In abnormal heart rhythm techniques, electrocardiographic signals are mainly divided into several categories: normal (N), supraventricular ectopic beat (SVEB), ventricular Ectopic Beat (VEB), fusion beat (F), and unknown (Q). Typical steps for abnormal heart rhythm classification include preprocessing, segmentation, feature extraction, and classification. Preprocessing and segmentation have had relatively sophisticated technical support, and therefore efforts have been made mainly to improve the methods of feature extraction and to develop classifiers to improve the performance of abnormal heart rhythm classification, with the development of classifiers being more aggressive. The earliest classifiers used include support vector machines SVM, multi-layer perceptrons MLP, linear discriminators, etc., and in recent years, with the vigorous development of deep learning in various fields, researchers have gradually started to apply a deep learning model to electrocardiographic signal recognition. Because abnormal heartbeat samples in the training set are difficult to collect, the data volume is small, unbalance of different types of data is easy to cause, and accordingly a great challenge is brought to classification. In addition, because the heartbeat signals of different people can have obvious differences, the obvious differences between the training sample space and the test sample space are easily caused under the condition that the data volume is not too large, and therefore the classification difficulty is increased.
Disclosure of Invention
The invention aims to provide an abnormal heart rhythm classification method based on combination of a convolutional neural network and a transducer, which can change single-lead electrocardiograph data into a vector sequence form through sampling and utilize a sequence-to-sequence deep learning model, thereby realizing automatic learning of features through a machine and classification and finally realizing automatic detection of abnormal heart rhythm types. When the method is used for classifying abnormal heart rhythms, no additional model or manual feature extraction is needed, so that the efficiency and the accuracy of classifying abnormal heart rhythms are greatly improved, and the method has important significance in the clinical medicine field.
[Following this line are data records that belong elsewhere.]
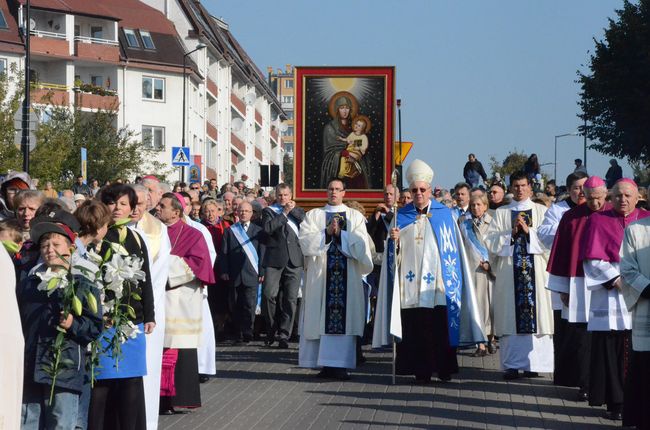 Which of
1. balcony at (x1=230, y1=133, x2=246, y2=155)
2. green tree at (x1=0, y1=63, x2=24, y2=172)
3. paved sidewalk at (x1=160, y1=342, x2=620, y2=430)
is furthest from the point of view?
balcony at (x1=230, y1=133, x2=246, y2=155)

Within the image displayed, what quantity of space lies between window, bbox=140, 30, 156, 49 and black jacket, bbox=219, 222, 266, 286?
56.9 m

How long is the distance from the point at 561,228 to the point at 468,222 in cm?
377

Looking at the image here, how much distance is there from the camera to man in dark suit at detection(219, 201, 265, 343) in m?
18.8

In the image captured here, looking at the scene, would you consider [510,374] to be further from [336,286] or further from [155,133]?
[155,133]

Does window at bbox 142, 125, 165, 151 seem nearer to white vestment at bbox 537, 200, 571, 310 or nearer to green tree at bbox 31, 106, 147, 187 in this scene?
green tree at bbox 31, 106, 147, 187

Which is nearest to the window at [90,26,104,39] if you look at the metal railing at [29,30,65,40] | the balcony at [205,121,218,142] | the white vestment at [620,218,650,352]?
the metal railing at [29,30,65,40]

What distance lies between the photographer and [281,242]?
18.8 metres

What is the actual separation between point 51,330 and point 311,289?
809 centimetres

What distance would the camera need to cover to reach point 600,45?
55.8 meters

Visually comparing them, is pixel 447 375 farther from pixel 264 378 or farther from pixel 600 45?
pixel 600 45

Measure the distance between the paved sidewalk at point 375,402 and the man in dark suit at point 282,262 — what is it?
8.81 feet

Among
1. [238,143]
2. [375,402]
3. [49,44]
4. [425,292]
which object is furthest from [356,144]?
[238,143]

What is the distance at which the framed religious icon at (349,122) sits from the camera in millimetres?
19156

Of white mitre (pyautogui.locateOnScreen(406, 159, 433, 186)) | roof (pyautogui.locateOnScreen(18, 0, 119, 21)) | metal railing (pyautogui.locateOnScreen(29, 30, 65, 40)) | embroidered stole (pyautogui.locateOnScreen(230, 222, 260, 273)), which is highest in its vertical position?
roof (pyautogui.locateOnScreen(18, 0, 119, 21))
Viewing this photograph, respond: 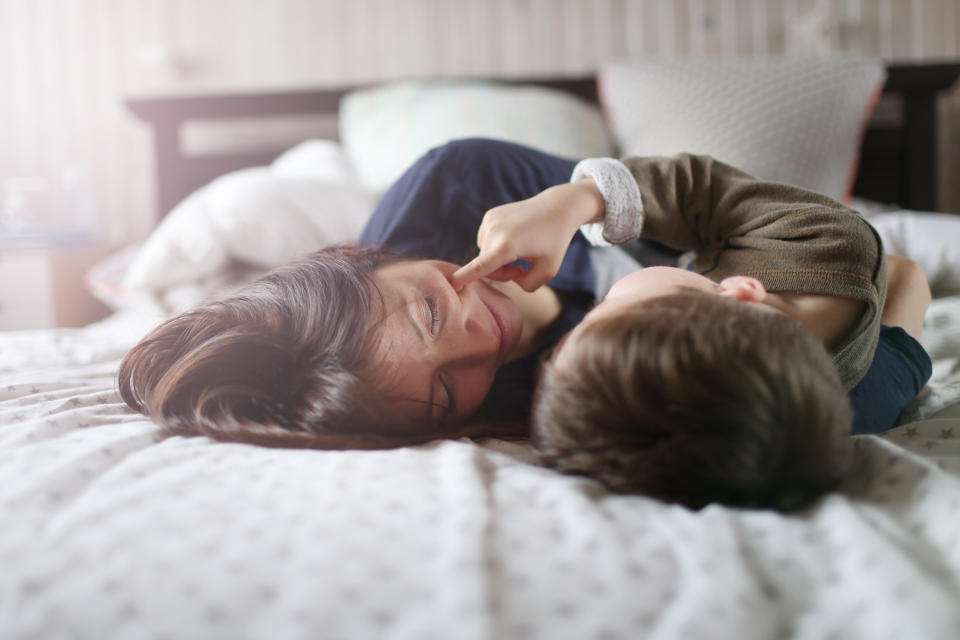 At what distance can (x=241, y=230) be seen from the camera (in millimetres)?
1238

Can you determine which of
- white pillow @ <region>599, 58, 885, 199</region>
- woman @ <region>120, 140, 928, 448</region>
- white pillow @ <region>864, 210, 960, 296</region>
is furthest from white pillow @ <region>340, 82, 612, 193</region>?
woman @ <region>120, 140, 928, 448</region>

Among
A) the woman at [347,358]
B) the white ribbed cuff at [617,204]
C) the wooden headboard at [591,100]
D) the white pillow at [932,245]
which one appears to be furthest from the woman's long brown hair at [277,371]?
the wooden headboard at [591,100]

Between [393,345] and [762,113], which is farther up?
[762,113]

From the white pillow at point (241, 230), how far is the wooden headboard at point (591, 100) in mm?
588

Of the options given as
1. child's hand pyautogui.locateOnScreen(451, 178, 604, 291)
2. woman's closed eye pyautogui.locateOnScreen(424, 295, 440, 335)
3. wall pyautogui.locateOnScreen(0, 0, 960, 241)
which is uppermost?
wall pyautogui.locateOnScreen(0, 0, 960, 241)

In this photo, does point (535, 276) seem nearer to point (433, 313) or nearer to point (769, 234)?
point (433, 313)

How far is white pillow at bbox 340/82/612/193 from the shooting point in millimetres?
1442

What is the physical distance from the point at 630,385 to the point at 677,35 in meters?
1.83

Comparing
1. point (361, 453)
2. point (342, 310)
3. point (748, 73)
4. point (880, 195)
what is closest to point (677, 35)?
point (748, 73)

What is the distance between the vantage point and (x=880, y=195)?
1802 millimetres

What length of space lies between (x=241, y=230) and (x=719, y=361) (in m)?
1.07

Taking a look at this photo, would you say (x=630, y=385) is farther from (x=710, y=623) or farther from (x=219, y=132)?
(x=219, y=132)

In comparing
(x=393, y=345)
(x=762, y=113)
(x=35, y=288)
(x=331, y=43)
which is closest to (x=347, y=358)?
(x=393, y=345)

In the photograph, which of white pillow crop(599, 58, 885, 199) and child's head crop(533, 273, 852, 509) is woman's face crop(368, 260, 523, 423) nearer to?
child's head crop(533, 273, 852, 509) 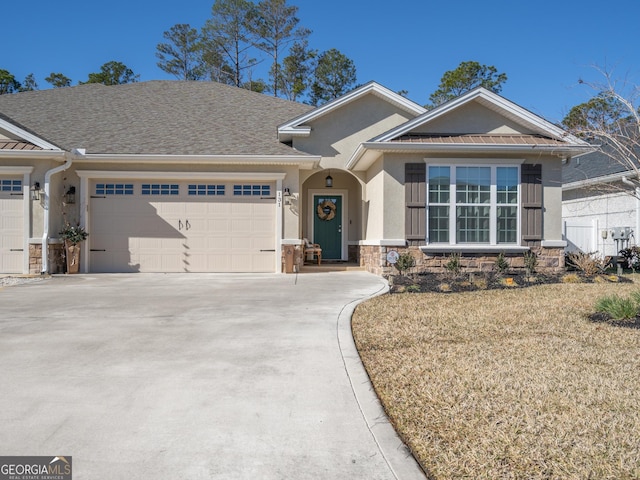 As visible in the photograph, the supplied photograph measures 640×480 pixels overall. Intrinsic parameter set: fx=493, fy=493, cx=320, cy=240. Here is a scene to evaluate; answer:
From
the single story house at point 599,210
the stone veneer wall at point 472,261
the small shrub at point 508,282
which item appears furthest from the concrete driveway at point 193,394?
the single story house at point 599,210

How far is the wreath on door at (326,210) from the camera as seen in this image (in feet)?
54.2

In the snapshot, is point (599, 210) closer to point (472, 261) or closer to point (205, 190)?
point (472, 261)

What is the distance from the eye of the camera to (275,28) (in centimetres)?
2977

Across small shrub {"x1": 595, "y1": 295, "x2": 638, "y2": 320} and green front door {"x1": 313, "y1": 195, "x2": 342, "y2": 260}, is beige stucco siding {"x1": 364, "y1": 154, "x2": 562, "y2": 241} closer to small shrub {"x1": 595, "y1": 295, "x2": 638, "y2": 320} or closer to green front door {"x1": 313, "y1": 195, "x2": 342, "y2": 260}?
green front door {"x1": 313, "y1": 195, "x2": 342, "y2": 260}

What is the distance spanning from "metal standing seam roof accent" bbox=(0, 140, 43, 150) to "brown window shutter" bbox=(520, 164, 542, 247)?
11693 mm

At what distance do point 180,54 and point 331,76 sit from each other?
9.90 m

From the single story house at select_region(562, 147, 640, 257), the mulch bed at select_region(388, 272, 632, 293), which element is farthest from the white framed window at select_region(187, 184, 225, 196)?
the single story house at select_region(562, 147, 640, 257)

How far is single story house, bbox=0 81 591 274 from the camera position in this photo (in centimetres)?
1163

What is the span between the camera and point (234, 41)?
30.1 meters

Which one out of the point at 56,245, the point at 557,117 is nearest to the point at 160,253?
the point at 56,245

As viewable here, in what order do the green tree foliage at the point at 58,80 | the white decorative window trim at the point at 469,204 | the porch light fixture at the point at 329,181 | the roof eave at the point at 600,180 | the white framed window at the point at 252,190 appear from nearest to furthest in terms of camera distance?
the white decorative window trim at the point at 469,204 < the white framed window at the point at 252,190 < the roof eave at the point at 600,180 < the porch light fixture at the point at 329,181 < the green tree foliage at the point at 58,80

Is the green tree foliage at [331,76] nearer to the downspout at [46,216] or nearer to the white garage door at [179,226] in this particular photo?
the white garage door at [179,226]

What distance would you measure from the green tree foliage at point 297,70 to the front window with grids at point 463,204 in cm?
2071

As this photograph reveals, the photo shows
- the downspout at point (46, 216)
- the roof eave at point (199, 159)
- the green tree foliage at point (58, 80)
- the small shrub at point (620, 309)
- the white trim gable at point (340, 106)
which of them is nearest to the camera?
the small shrub at point (620, 309) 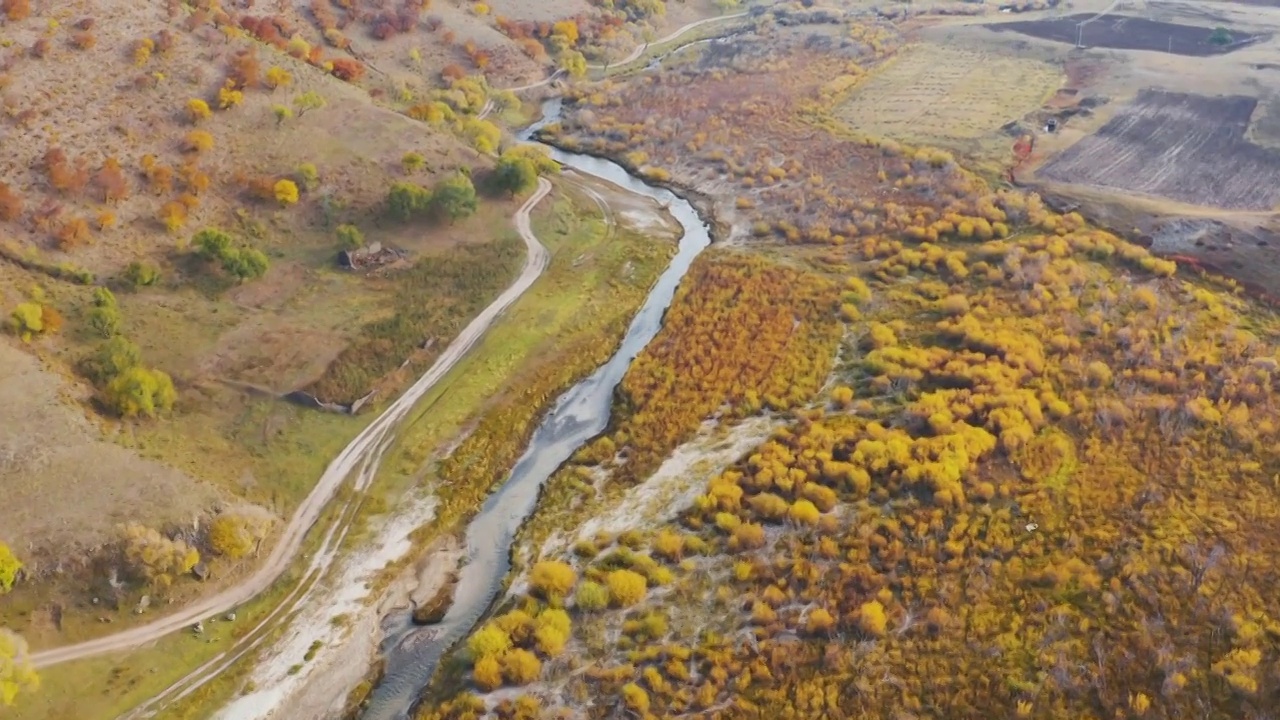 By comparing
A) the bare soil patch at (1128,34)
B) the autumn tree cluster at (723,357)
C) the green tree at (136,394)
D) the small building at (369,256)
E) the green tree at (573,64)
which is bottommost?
the autumn tree cluster at (723,357)

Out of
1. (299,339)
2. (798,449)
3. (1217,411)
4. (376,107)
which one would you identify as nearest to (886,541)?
(798,449)

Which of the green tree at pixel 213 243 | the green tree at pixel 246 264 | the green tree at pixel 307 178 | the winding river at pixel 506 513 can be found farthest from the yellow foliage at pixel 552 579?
the green tree at pixel 307 178

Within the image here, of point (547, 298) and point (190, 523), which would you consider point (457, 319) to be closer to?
point (547, 298)

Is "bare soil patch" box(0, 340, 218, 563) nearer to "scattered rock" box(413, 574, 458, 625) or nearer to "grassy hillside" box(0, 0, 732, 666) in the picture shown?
"grassy hillside" box(0, 0, 732, 666)

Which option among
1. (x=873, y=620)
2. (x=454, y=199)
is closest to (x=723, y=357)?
(x=873, y=620)

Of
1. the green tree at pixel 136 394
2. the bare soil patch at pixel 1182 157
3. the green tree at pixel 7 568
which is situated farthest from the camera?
the bare soil patch at pixel 1182 157

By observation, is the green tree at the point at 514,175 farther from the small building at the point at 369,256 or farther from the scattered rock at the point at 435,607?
the scattered rock at the point at 435,607

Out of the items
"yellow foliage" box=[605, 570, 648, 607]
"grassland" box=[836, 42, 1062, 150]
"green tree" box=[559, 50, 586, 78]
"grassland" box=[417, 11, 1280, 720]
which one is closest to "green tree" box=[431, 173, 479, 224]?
"grassland" box=[417, 11, 1280, 720]

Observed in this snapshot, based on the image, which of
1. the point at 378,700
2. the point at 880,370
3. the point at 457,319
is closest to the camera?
the point at 378,700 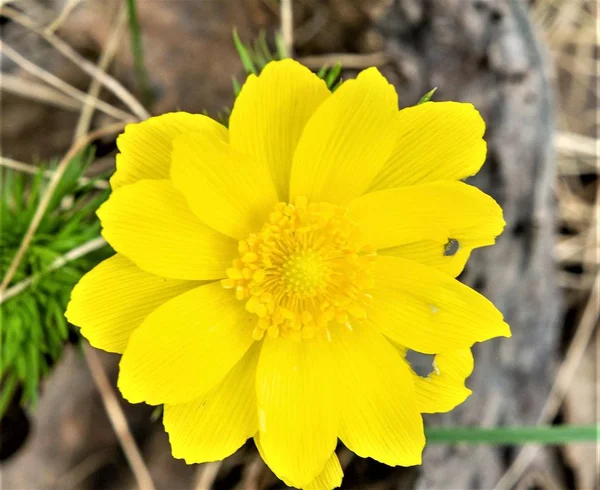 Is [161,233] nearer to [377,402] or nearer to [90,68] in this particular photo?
[377,402]

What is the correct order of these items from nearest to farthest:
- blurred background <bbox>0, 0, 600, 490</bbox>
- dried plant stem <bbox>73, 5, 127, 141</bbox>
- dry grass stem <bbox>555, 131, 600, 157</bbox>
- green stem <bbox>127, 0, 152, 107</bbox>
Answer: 1. green stem <bbox>127, 0, 152, 107</bbox>
2. blurred background <bbox>0, 0, 600, 490</bbox>
3. dried plant stem <bbox>73, 5, 127, 141</bbox>
4. dry grass stem <bbox>555, 131, 600, 157</bbox>

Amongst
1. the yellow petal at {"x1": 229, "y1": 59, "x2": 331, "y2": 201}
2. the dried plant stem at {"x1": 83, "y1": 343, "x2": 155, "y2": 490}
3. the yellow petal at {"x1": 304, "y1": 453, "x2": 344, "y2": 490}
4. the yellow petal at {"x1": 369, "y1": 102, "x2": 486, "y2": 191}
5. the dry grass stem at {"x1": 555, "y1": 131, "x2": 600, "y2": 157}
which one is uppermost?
the yellow petal at {"x1": 229, "y1": 59, "x2": 331, "y2": 201}

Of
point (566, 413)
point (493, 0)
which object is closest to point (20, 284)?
point (493, 0)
The invention aims at realizing the following technical scheme:
an abnormal heart rhythm classification method based on combination of convolutional neural network and transducer comprises the following steps:
step (1) acquiring continuous electrocardiographic data of a single lead of a patient by using an Electrocardiograph (ECG) acquisition device;
step (2) obtaining the peak position of the R wave and the end position of the T wave in the continuous signals;
step (3) extracting heartbeat signals one by one based on the result of the step (2), and scaling a single heartbeat signal to a fixed length D, wherein all heartbeats in the whole lead can be regarded as a heartbeat vector sequence, and the dimension of each vector is D, and the method for extracting the heartbeat signals comprises the following two methods:
the method comprises the steps of starting from the next point of the ending position of the last T wave to the ending position of the current T wave;
calculating the starting point position and the ending point position of the current heartbeat by taking the R peak and the T wave end point of the current heartbeat as references, and finally extracting the whole heartbeat signal;
extracting R-R interval characteristics of the current heartbeat and a plurality of adjacent heartbeat signals according to the R peak position of each heartbeat, namely, the distance between the R peak position of the current heartbeat and the R peak positions of the adjacent heartbeats, so as to form a characteristic vector with the length of M, and sequentially arranging the characteristics of all heartbeat signals in the whole lead signal, so as to form an R-R interval characteristic vector sequence;
step (5) dividing the heartbeat sequence and the R-R interval characteristic sequence according to fixed L heartbeats, thereby obtaining a plurality of heartbeat signal vector sequence segments with the length of L and R-R interval characteristic vector sequence segments, wherein: after segmentation, if the length of the last segment of sequence is smaller than L, reversely intercepting the sequence meeting the specified length from the tail end of the whole lead signal, thereby ensuring that each heartbeat data is covered by a sample and participating in the learning and testing process of abnormal heart rhythm classification;
step (6) repeating the steps (2) - (5), and converting a continuously acquired electrocardiographic data segment into a plurality of sequence segments with the length of L;
and (7) repeating the steps (1) - (6) to obtain a data set of the electrocardiographic data segment, wherein: in the process of forming a data set, samples are enhanced based on a sliding window technology to increase the number of training samples, and the specific method is as follows: when L heartbeats are extracted backwards by taking a certain heartbeat as a starting point to form one sample, the starting point extracted next time slides backwards, the step length of the starting point is d heartbeats, and d is more than or equal to 1 and less than or equal to L;
step (8) training by using a deep neural network combining a convolutional neural network and a transducer based on the data set in the step (7) to obtain a deep neural network parameter model for abnormal heart rhythm classification, wherein the specific process is as follows:
(a) All heartbeat signals are subjected to feature extraction through a CNNBlock to form a heartbeat feature sequence;
(b) Splicing the heartbeat characteristic sequence and the R-R characteristic sequence according to the heartbeat corresponding relation to form a combined characteristic sequence;
(c) The combined characteristic sequence and the position coding sequence of each heartbeat are combined to form a new characteristic sequence input TransformerBlock, each output vector is processed through a feedforward neural network (FFN) and based on Softmax normalization to obtain the output probability of each category, and the category with the largest probability value is used as the final output.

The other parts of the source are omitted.